New Plymouth's streets were jam packed on Friday as Womaders geared up for the big weekend.
But while some retailers made the most of the heavy foot traffic, others did little to get extra people through their doors.
Womad specials and window displays were few and far between in the CBD.
Taranaki Arts Festival Trust communications manager Lisa McMullan said an annual campaign to get retailers into the Womad spirit had fallen short this year.
In February, a group of TAFT volunteers dropped flyers to retailers encouraging them to dress up their shop windows.
Each participant received a Friday night pass to Womad and the winning shop, Trade Aid, won two three-day passes.
Only 26 shops took up the challenge. Decorated window displays were at a number of Centre City retailers, she said.
That figure was well down on previous years.
Next year TAFT would try to communicate better with retailers, she said.
"I would be very interested to know how to make it easier for them to get involved in the project."
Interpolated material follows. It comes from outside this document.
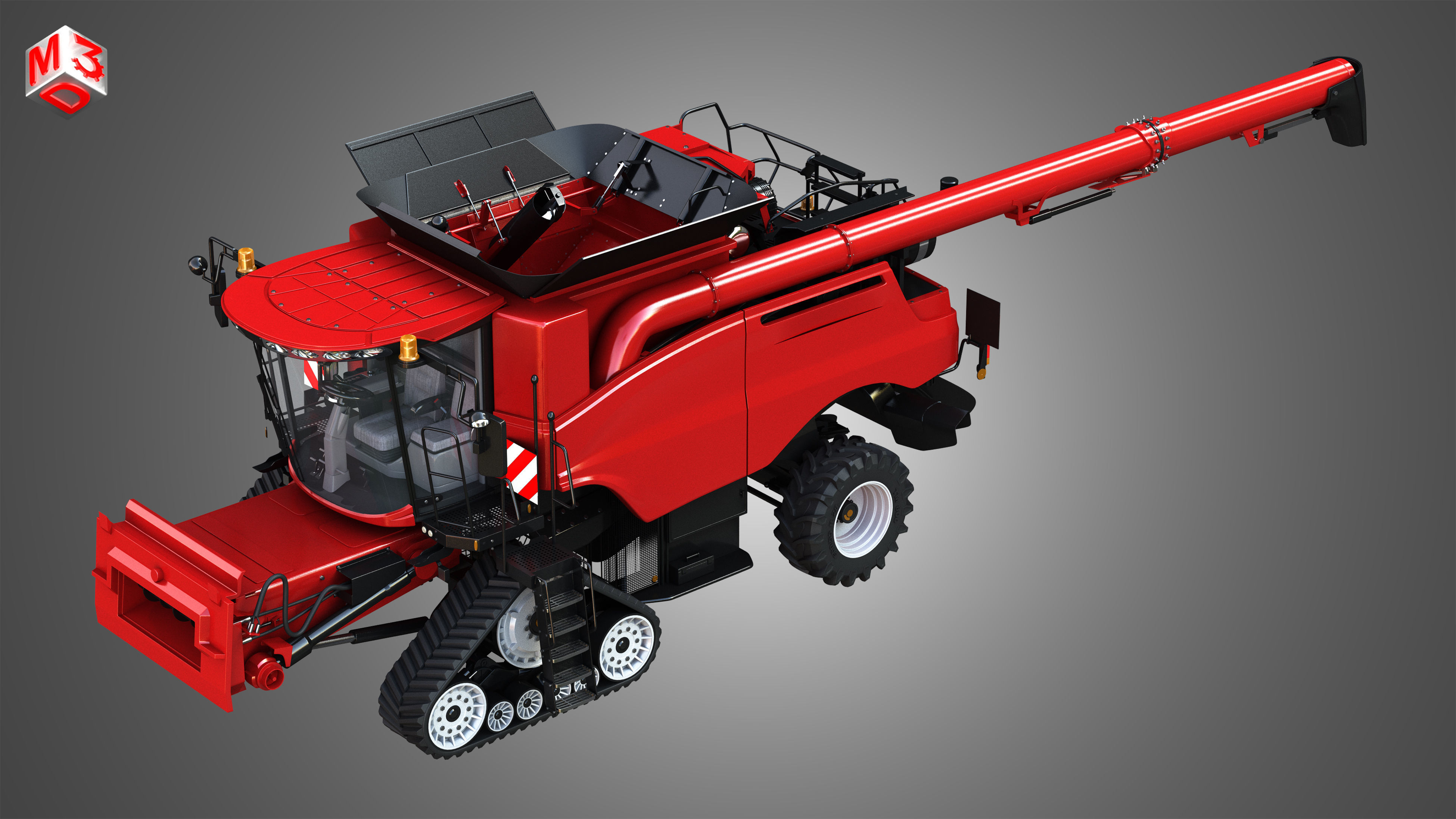 Axial-Flow 9240 Combine Harvester - with Tracks 3D model_7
The low participation could have been partly because of Americarna coming to town a few weeks before Womad.
Retailers would probably be more willing to get involved if Womad signage was supplied but that was beyond TAFT's budget, she said.
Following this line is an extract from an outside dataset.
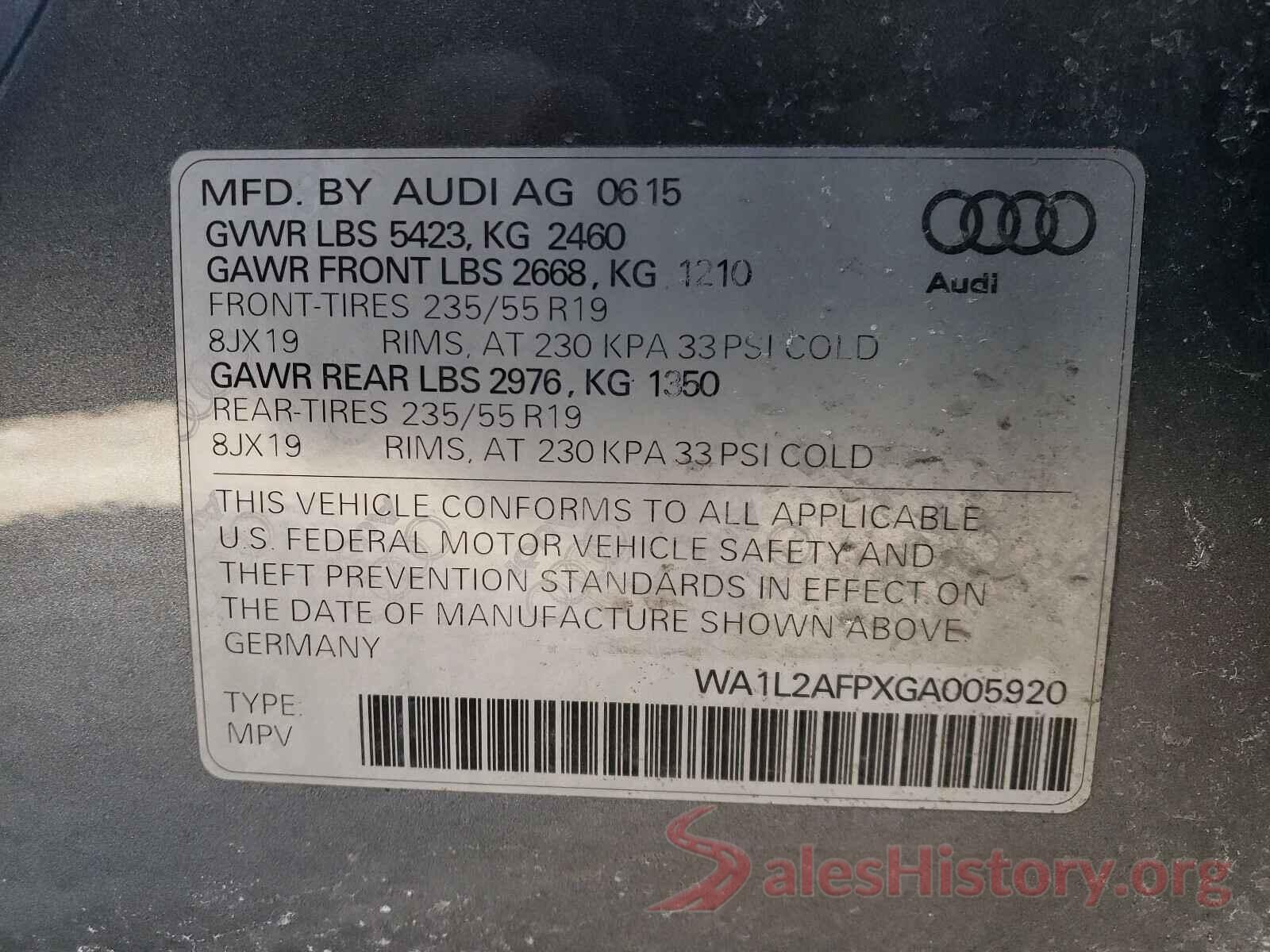 WA1L2AFPXGA005920 2016 AUDI Q5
The initiative had been in place for at least five years.
"Some retailers jumped on board and are delighted to join the party and welcome people to town."
One retailer to get into the spirit was Kiwi Outdoors Centre with a dressed up window display, extra stock on hand and Womad specials.
Owner Rob Needs was extending his hours today and tomorrow to cater for Womad crowds looking for seating, warm clothing and camping needs.
"Event tourism is fantastic if you can ride the coat tails of it," Mr Needs said. "Being a local business, we know what works."
He had bought stock specifically for Womad.
They had a special on Icebreaker gear at the moment to cater for the chilly nights he was anticipating.
"We predict it will be cold nights and the people who come down from up north will be freezing."
His advice for retailers unsure of how to capture the Womad market was to experience it first- hand.
Record store Vinyl Countdown also drew Womad patrons through its doors.
Owner Mark Thomas said he tried to stock as many Womad artist's albums as possible.
And Womad music had been playing non-stop over the store's stereo for the past week or so.